By Michele Lerner
Whether you’re a helicopter parent who frets over every one of your child’s activities or a freerange parent who takes a hands-off approach to raising your kids, you are both likely to share a concern about your children’s financial future. And it’s generally not a happy view.
A recent survey by Citi of 1,500 parents found that 56 percents of parents surveyed “are not confident that life for their children’s generation will necessarily be better than it has been for their generation.” Parents worry about a range of financial issues their children will face:
- 71 percent think saving for a home will be a major concern for their children.
- 71 percent think their children will struggle to have enough money for major expenses such as a car or education.
- 69 percent think their children will be concerned about having enough money for emergencies.
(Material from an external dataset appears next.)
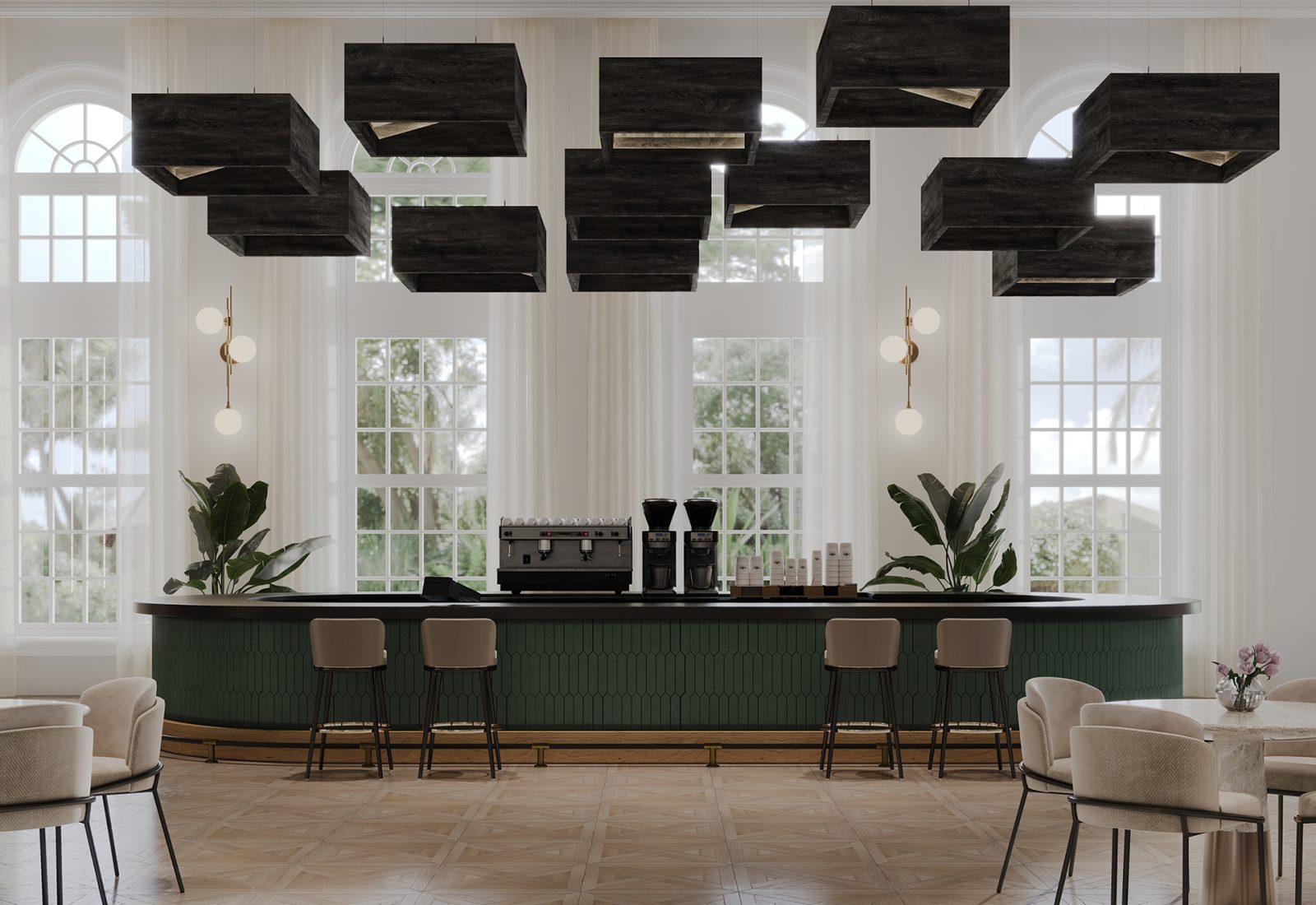 Blox, Angled Ceiling Clouds | Charred Larch | WoodGrain Collection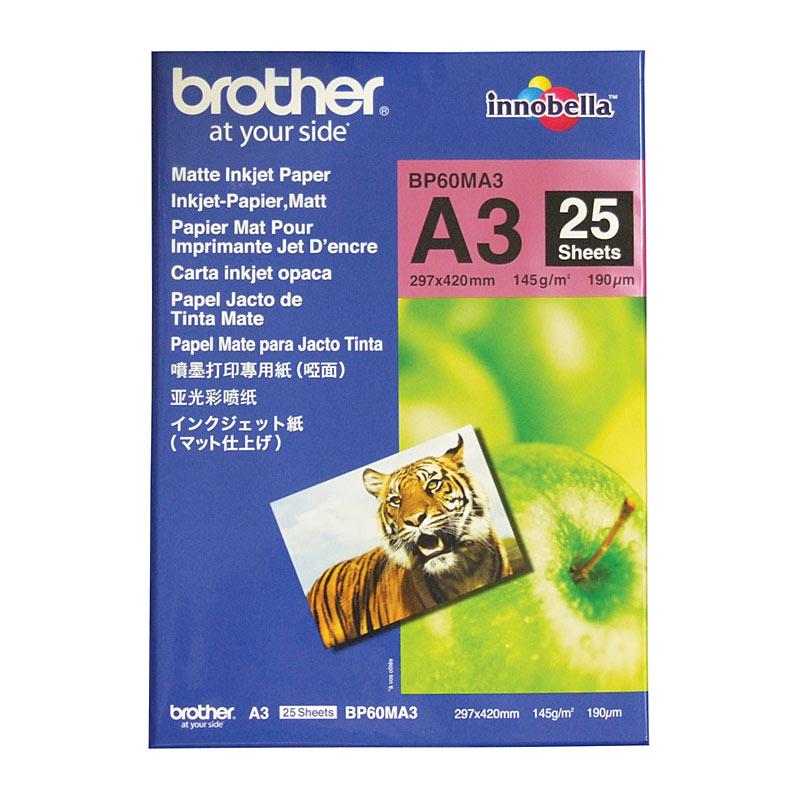 BROTHER BP60MA3 Matte Paper pack with 25 sheets, showcasing its high-quality matte finish for vibrant printing.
- 69 percent of adults think their children will also worry about their own children’s financial future.
On a more positive note, nearly nine out of 10 parents are teaching their children about money. “It’s encouraging to see parents taking matters into their own hands,” says Linda Descano, a personal finance expert with Citi. “Parents are doing various financial education activities, whether it’s talking to their kids openly about their family’s financial circumstances or taking them to the bank to teach them about money.”
Ric Runestad, owner of Runestad Financial Services in Fort Wayne, Indiana, divides the concerns as micro-financial and macro-financial. “On the microfinancial or personal finance side, parents should be concerned that their children are able to find financially rewarding careers, but even more important, that they’re financially responsible,” he says. “People who spend whatever money they have right now often have an entire financial system working against them, instead of for them.”
Tips for Anxious Parents
While parents can’t do much to alleviate concerns about macro-financial perils — such as the exploding costs of education and housing and a stagnant economy — they can make sure their children know enough about money management to deftly deal with whatever life throws them.
- Teach financial responsibility. It’s natural to fear that your children will take on too much debt or be unprepared for financial emergencies when they reach adulthood. But you don’t have to wait until they make a mistake to prepare them to be financially responsible. “It’s important to remember that it’s never too early to start talking to your kids about money and saving,” says Descano. “When they’re young, you’ll want to start with more simple conversations about money (sharing tidbits about your purchase decisions with them when you shop) and as they get older introducing more complex money matters (such as the value of having an emergency fund and saving for unexpected events).”
- Use an allowance as an educational tool. An allowance is an ideal way to teach about responsible spending/saving, says Suzanna de Baca, vice president of wealth strategies at Ameriprise. “Provide your children with the opportunity to save and spend their allowance or earned money as they please (with some guidance). This flexibility will allow them to learn early on that spending money as fast as they earn it can have consequences. Depending on the age and maturity of your child, you may choose to share with them a financial mistake you made in the past and how you recovered.”
- Plan for college. As college tuition grows, many parents worry about how their children will afford to attend. “As parents, consider beginning to save into a 529 plan early in your child’s life and ask your child to contribute once he or she begins earning their own money,” says de Baca. “When it comes time to make college decisions, help your child evaluate the tuition and other college expenses (travel home, Greek or club dues, entertainment costs, etc.) for each college he/she is considering. Make sure to educate yourself on current student loan lending practices and options and help your child determine a realistic amount of student loan debt he/she can take on.”
- Prepare for life’s big purchases. Even for young adults with a responsible mindset, a lack of financial knowledge can be detrimental for large purchases like a car or home. As a parent, you can offset this concern by being open to discuss these things as they grow older and begin managing their own money.
- Reframe your money mindset. Changing the way you think about money can go a long way to alleviating your financial fears for your children and, at the same time, help your children learn to make smart financial decisions. Runestad’s take: “The real question you should ask isn’t, ‘Can we afford this?’ but rather, ‘Do we need this, and if so, is this the best deal we can get on it, and should we wait and buy it when we have saved the money for it?’ These may seem like small differences, but they aren’t. How our children think about money will make a huge difference in their ability to wisely manage it and consequentially will have a huge impact on their quality of life.”